In this study, we report the synthesis of ternary composite photocatalysts comprising the TiO2 nanotube loaded with Bi2MoO6 and g-C3N4 through simple solid combustion, hydrothermal and wetness impregnation methods. Subsequently, the photocatalytic efficiencies of the synthesized photocatalysts were investigated through the decolorization of reactive black 5 and methylene blue dyes under visible light and direct sunlight irradiation. The ternary composites demonstrate a higher photocatalytic activity in decolorizing dyes when compared with unitary and binary composite photocatalysts under the same reaction conditions.
2 Materials and methods
Commercial reagents were provided and used without further purification. Bismuth(III) nitrate pentahydrate (Bi(NO3)3·5H2O), sodium molybdate dihydrate (Na2MoO4·2H2O), and hydrochloric acid (HCl) were purchased from Sigma Aldrich (Saint Louis, MO, USA). Urea was procured from Bio Basic Inc. (Markham, ON, Canada). Commercial TiO2 P25 was purchased from Uni Region Biotech, USA. Methanol was purchased from M. Tedia Inc. (Fairfield, OH, USA). Sodium hydroxide (NaOH) was purchased from Nihon Shiyaku Reagent (Tokyo, Japan). Potassium bromide was procured from Fluka Analytical (Saint Louis, MO, USA). Reactive black 5 and methylene blue dyes were purchased from Merck Millipore (Darmstadt, Germany).

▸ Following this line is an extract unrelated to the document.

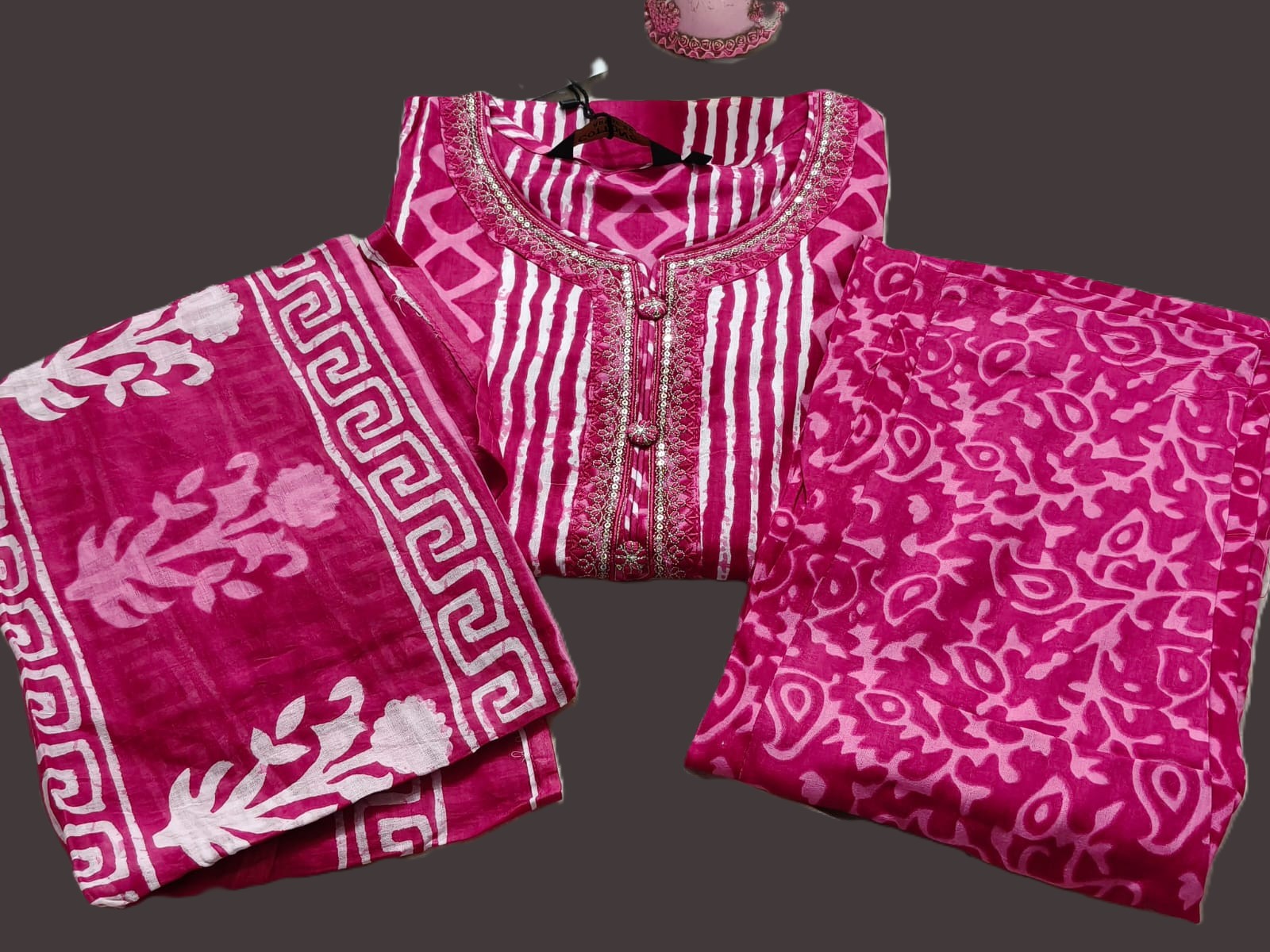 60-60 Cotton 3 Pc Kurti Set - Image 3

2.1 Synthesis of Bi2MoO6 nanoplate photocatalyst
Bi2MoO6 nanoplates were synthesized using a hydrothermal method [38]. A mixture of Bi(NO3)3·5H2O and Na2MoO4·2H2O was dissolved in deionized water, and then, the pH was adjusted to 6.0 by adding HCl. After that, it was stirred for 1 h at room temperature. The mixture was transferred to a Teflon-lined stainless steel autoclave and heated at 453 K for 20 h in an electric oven. After 24 h, the autoclave was cooled to room temperature. The obtained yellowish precipitate was centrifuged, washed with distilled water, and dried at 353 K for 24 h.
2.2 Synthesis of g-C3N4 photocatalyst
g-C3N4 was prepared through the direct calcination of urea [39]. Urea was placed in a crucible, which was covered with a lid and heated at 773 K for 3.5 h. Subsequently, the crucible was cooled to room temperature, and the obtained yellow g-C3N4 product was collected and stored for further composite synthesis.
2.3 Synthesis of TiO2 nanotube photocatalyst
The TiO2 nanotube was synthesized using TiO2 P25 nanoparticles through a hydrothermal method [40]. First, a commercial TiO2 P25 was added to a 10-N NaOH solution, and it was stirred vigorously at room temperature and transferred to a Teflon-lined stainless steel autoclave and heated at 403 K for 48 h. Afterward, the autoclave was allowed to cool to room temperature, and the obtained nanotube was centrifuged and washed with distilled water until the pH of the filtrate was approximately 6–7. Then, the nanotube was treated with 0.1 M HCl solution, which was later stirred overnight at room temperature. Thereafter, the nanotube was centrifuged, washed with distilled water, and dried in an oven at 343 K for 12 h. The dried nanotube was calcined in a tubular furnace at 523 K for 2 h and used for further composite synthesis.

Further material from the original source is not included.